Feb 1, 2008 9:23 PM in response to Garrett Murray

Garrett- I did this exact thing in my home... used a second base AEBS and expanded the network with WDS, plugging in th Xbox, HD-DVD player and Wii. It worked so well I added a third one in my basement for my home theater.

However I read in a different thread here that using multiple AEBS in a WDS seriously reduces bandwidth and network speed.

Can anybody verify that? Garrett is looking to keep that "N' speed.

Feb 4, 2008 11:41 AM in response to Garrett Murray

I had the same problem and have a complete solution for you:

1. buy the second AEBSn
2. Buy a cheap ($30) 802.11G router
3. Buy an 8-port switch (another $30-$40)
4. Set the AEBSn-s to use 802.11n-only at 5Ghz.

5. Connect the 802.11 G router to one of the ethernet ports of the "base station", not the extended. You have to configure this router as a "bridge", no NAT, no DHCP. This will provide service to your iPhone and other 802.11G devices.

6. Connect the switch to one of the ethernet ports on the "extended" AEBSn.

7. connect all your "wired" devices to the switch.

Notice that your wireless network will NOT work at "n" speeds, but at about 1/3 of that, since when you "extend" the network that is a performance penalty. You 'll end up with about 108 Mbps (vs. the 54Mbps of 802.11g). Still better, but not quite the 300 Mbps that you will get with a single AEBSn using "n" devices only.

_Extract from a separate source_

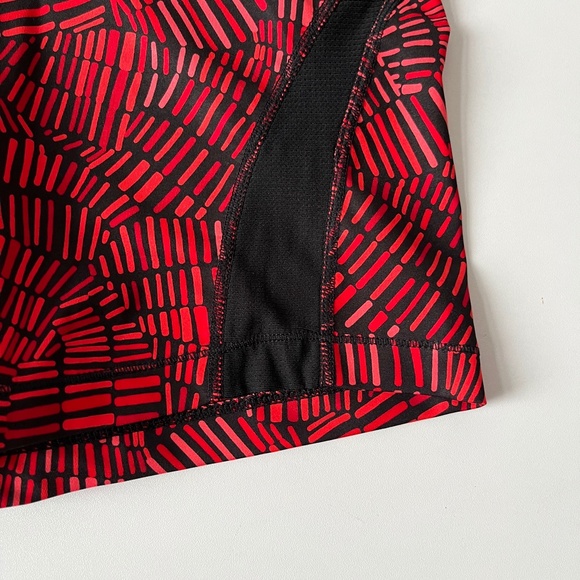 Nike Pro Short Mid-Rise 8cm 3" Dri-Fit Spandex Training Shorts All Over Print - Picture 3 of 6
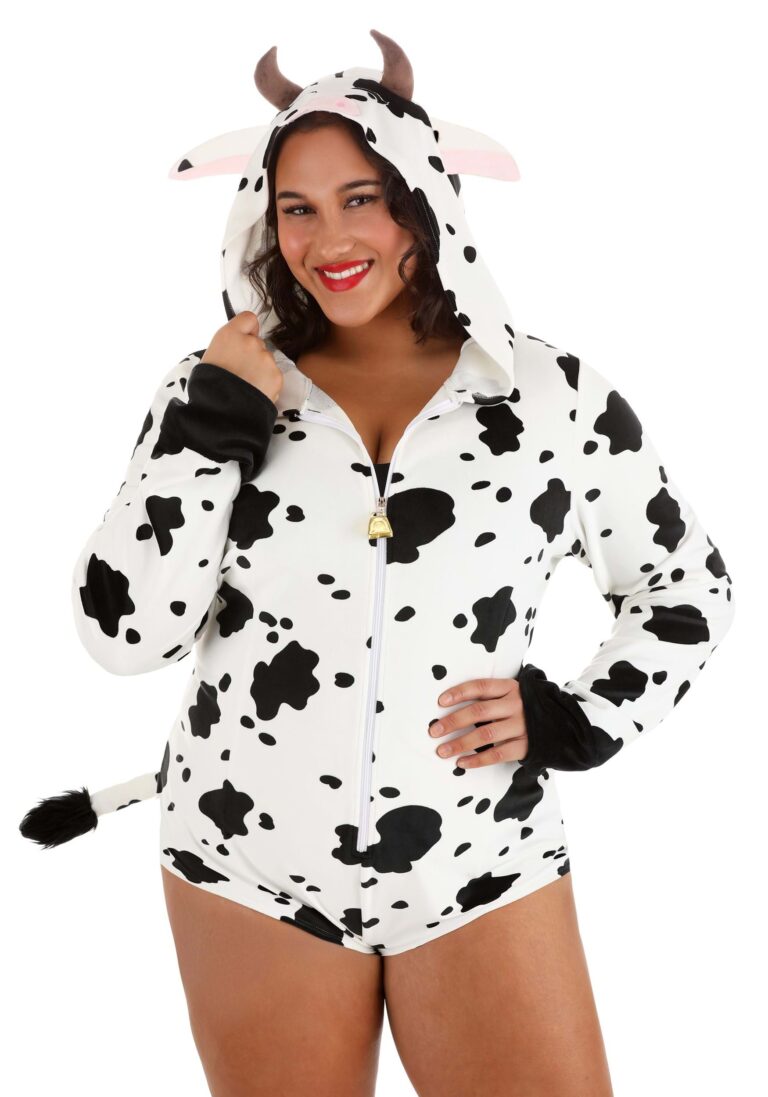 plus-size-cow-costume-romper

I can recommend both the switch and the 80211.G router, if you wish, but many will work.

Feb 4, 2008 11:44 AM in response to art4mad

art4mad wrote:


However I read in a different thread here that using multiple AEBS in a WDS seriously reduces bandwidth and network speed.


That is correct. When you extend the network you move from a maximum of 300 Mbps to about 108 Mbps. You mileage will vary.

Can anybody verify that? Garrett is looking to keep that "N' speed.


There is NO way to do that will multiple AEBSns. The only way to do that is to use a single AEBSn, set up in 802.11n-only, 5 GHz, which of course will connect ONLY to 802.11n devices.

Extending the network, need advice!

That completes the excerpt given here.